Move over Plan B

 

I am a uni drop out again. I enrolled in a masters of social work in a hope to find some certainty to that perennial ‘what do you do‘ question in this far from sure world.  There’s dysfunction dripping thus demand for social workers is high and I wanted to find a ‘secure’ profession.

But life had a trail of little wakeup calls. I was shaking after a colleague downloaded about her abusive boyfriend and hearing yet another stress leave story, found me in bed contemplating:

What is driving this decision? And for whom am I doing it?

I am a slow learner. It takes me several times around the block over the same terrain for things to become clear. This current vocational plan (there has been many..) is yet another time I’ve placed onus on Plan B as a protection from owning up to my true desires, Plan A. It gets exhausting trying to hoodwink your soul. This conflict is something many artistic creatures face as following your passion in the arts is a hard, bloody road, not helped by society perpetually questioning its relevance, legitimacy and economic prospects.

But is it really a choice?

I lay there quietly asking the deeper parts of myself, and the answer was no.

After years of feeling like I need to find a career- an answer tied up with a pretty bow,  it was there all the time.  When I stood at the photocopier at my graduate job for a multinational, a poem licked my face. From the recovering heroin addict with a PhD in mathematics who helped change a flat tyre on my courier bike to the elderly lady who asked me (a support worker) to collude with her by hurriedly changing her spotted blood dressing gown so she could look ‘put together’ before the resident nurse came to do an in home assessment, stories have coloured my life. As I tidied away the decay in her Mosman apartment, we chatted early days at Women’s Weekly, her role as editor and laughed about the wickedness of life. I stood poker faced when asked if she was fit enough to remain living alone. Later I got a call from Deirdre’s son with a heartfelt thank you and news that she passed away peacefully in her own home weeks later.
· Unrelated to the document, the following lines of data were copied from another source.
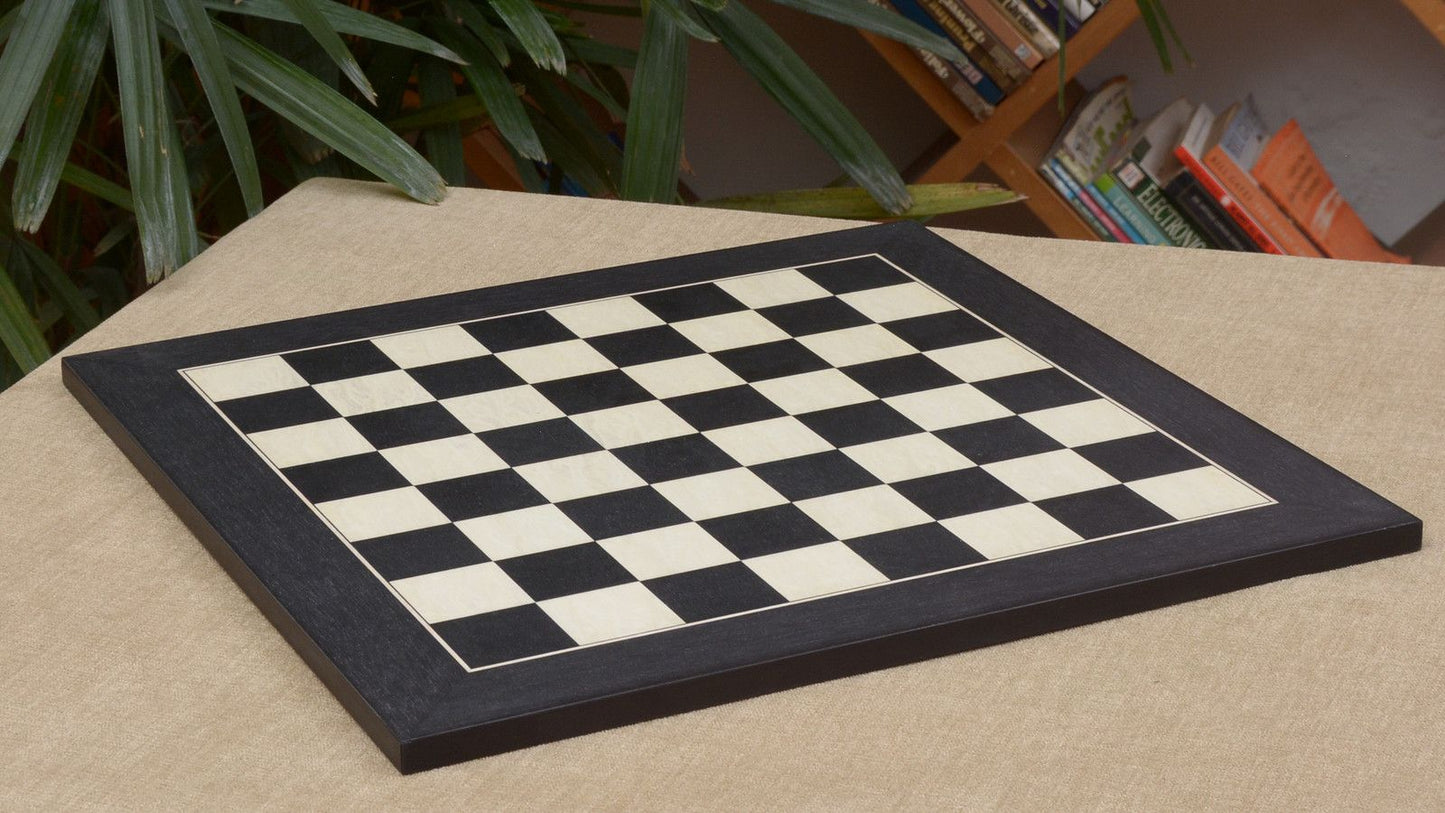 Combo of Meghdoot Series Chess Pieces & Black Anigre Maple Chessboard - 3.2" King
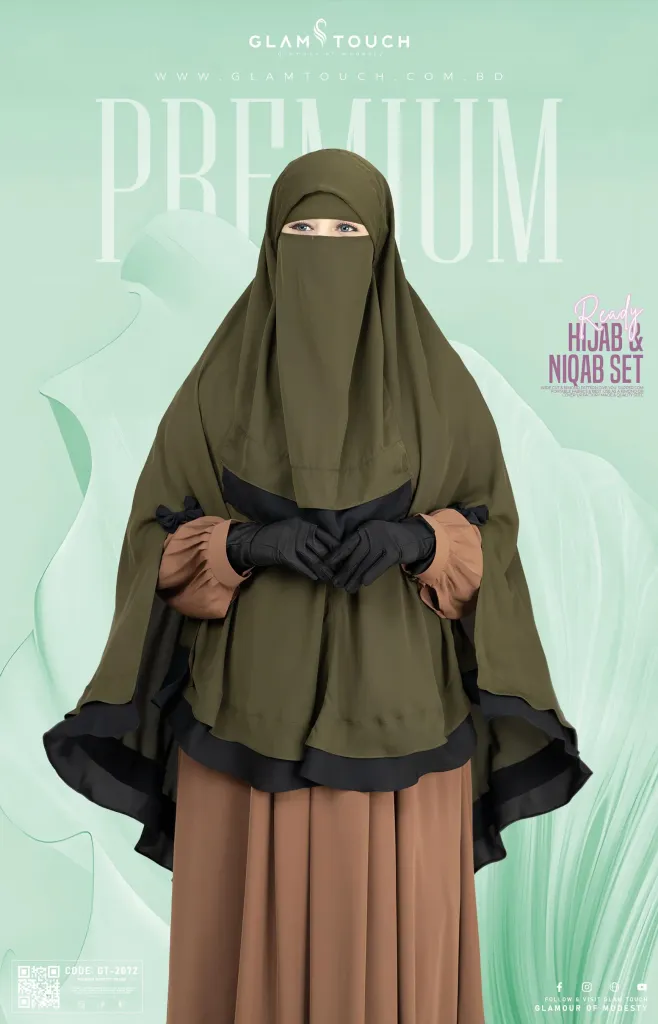 TOHFA READY HIJAB NIQAB SET | GT-2072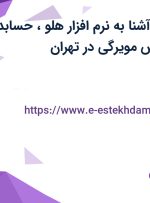 استخدام منشی آشنا به نرم افزار هلو، حسابدار و سرپرست فروش مویرگی در تهران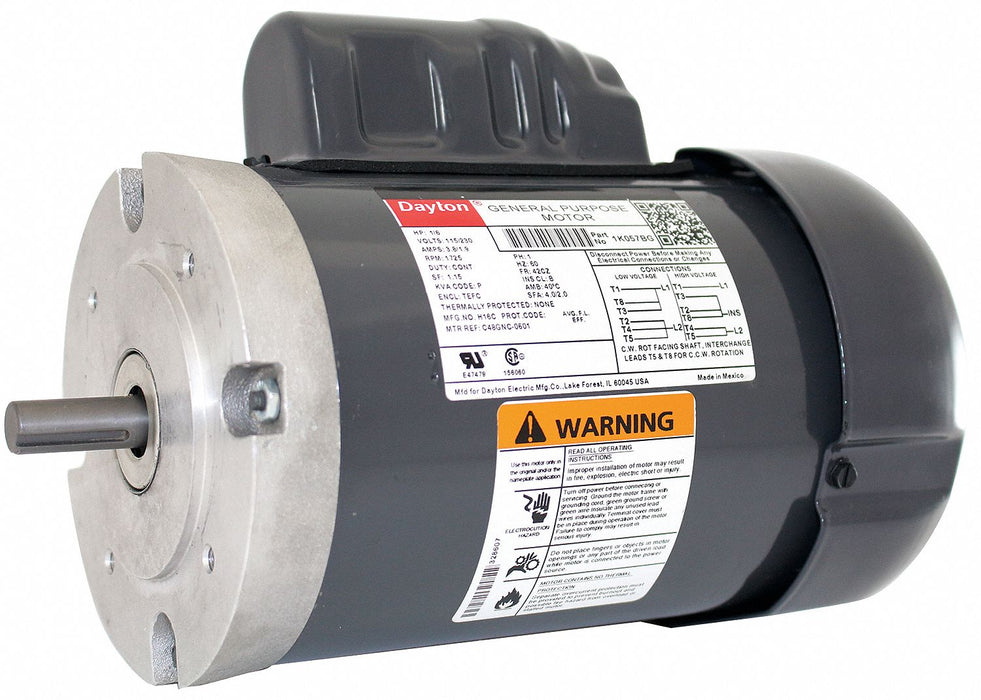 GP Motor 1/6 HP 1 725 RPM 115/230V 42CZ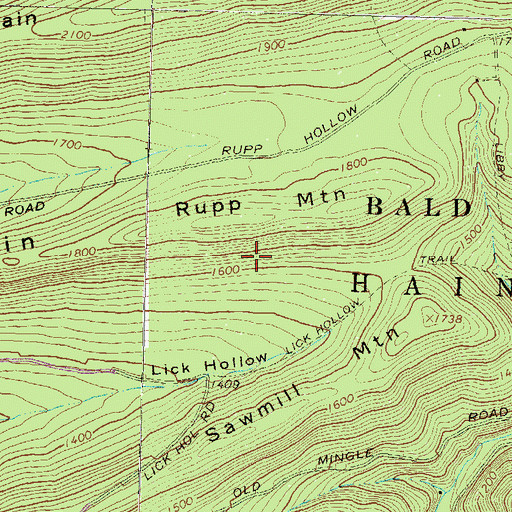 Topographic Map of Libby Trail, PA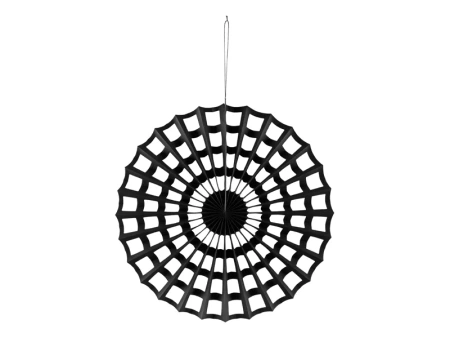 Rozeta dekoracyjna Pajęczyna, czarny, 50 cm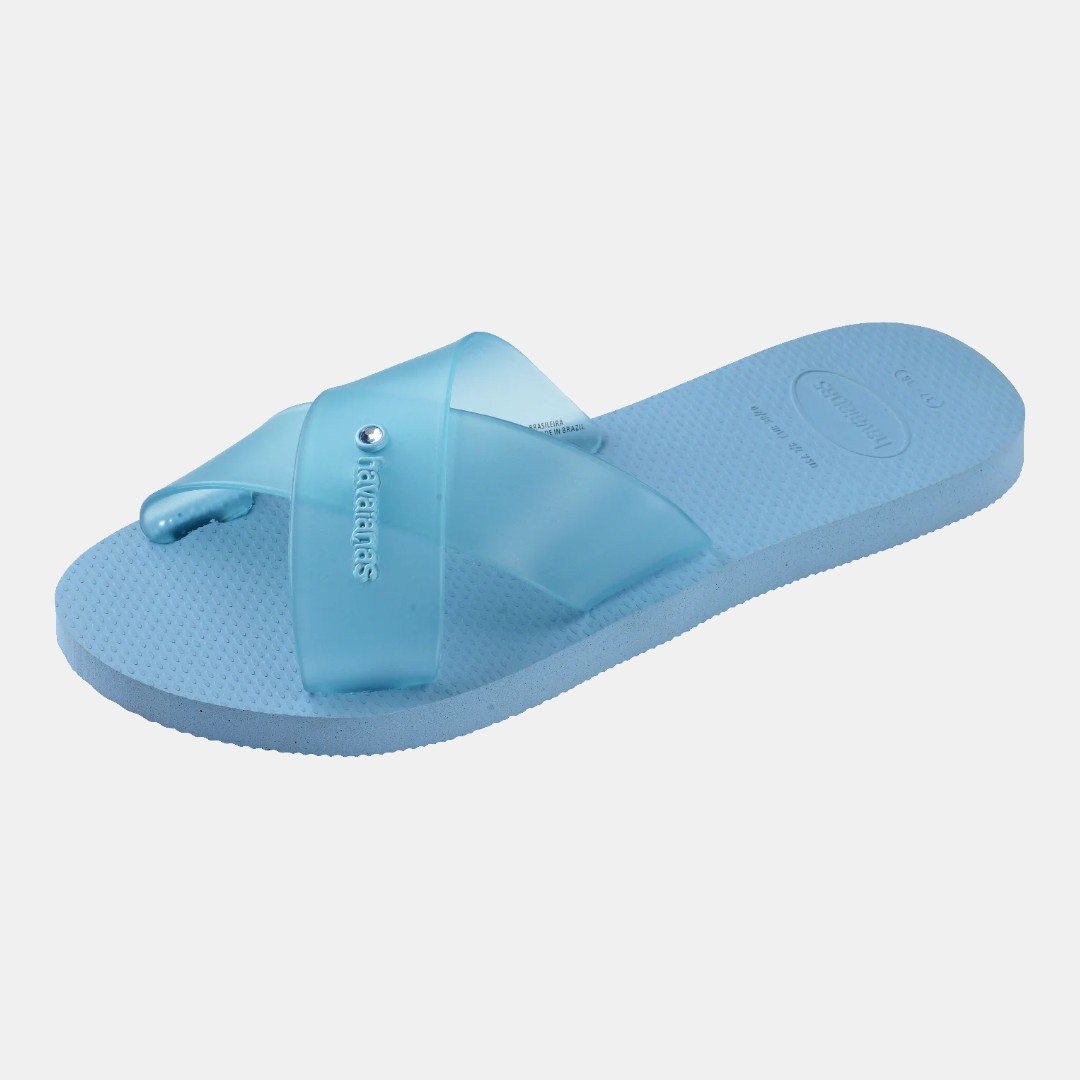 Rasteirinha Havaianas Aqua Jelly Azul Lavanda Azul 5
I remember being asked ‘What do you want to be?’ upon graduating from high school for our school magazine. With ‘unthinking’ speed I answered

A constant Kombie cruiser

I have lived up to that. I have found by seeking new places, experiences, jobs and people- I find endless material, stimulation and variety that feeds my writing. Not good for a CV per se but when you are called to write and reflect on what you see in the world, you can’t turn it off.  Where do you learn how to be a writer? Yes you can do university and always get something out of it. But the qualitative research comes from living life. And maybe that’s what I have actually been doing, even when I felt I was ‘failing’ at this career game.

In Maleny, I am waiting tables, gathering dialogue and indulging in voyeurism. Chatting with customers and asking questions to tap into threads that hold opinions together. Moments that may find another life one day now I’ve fired Plan B.

I’m sitting here naked ready for Plan A-rse in the chair work of dancing whispering ghosts with grit under my keyboard.

Wish me luck and thanks for reading thus far.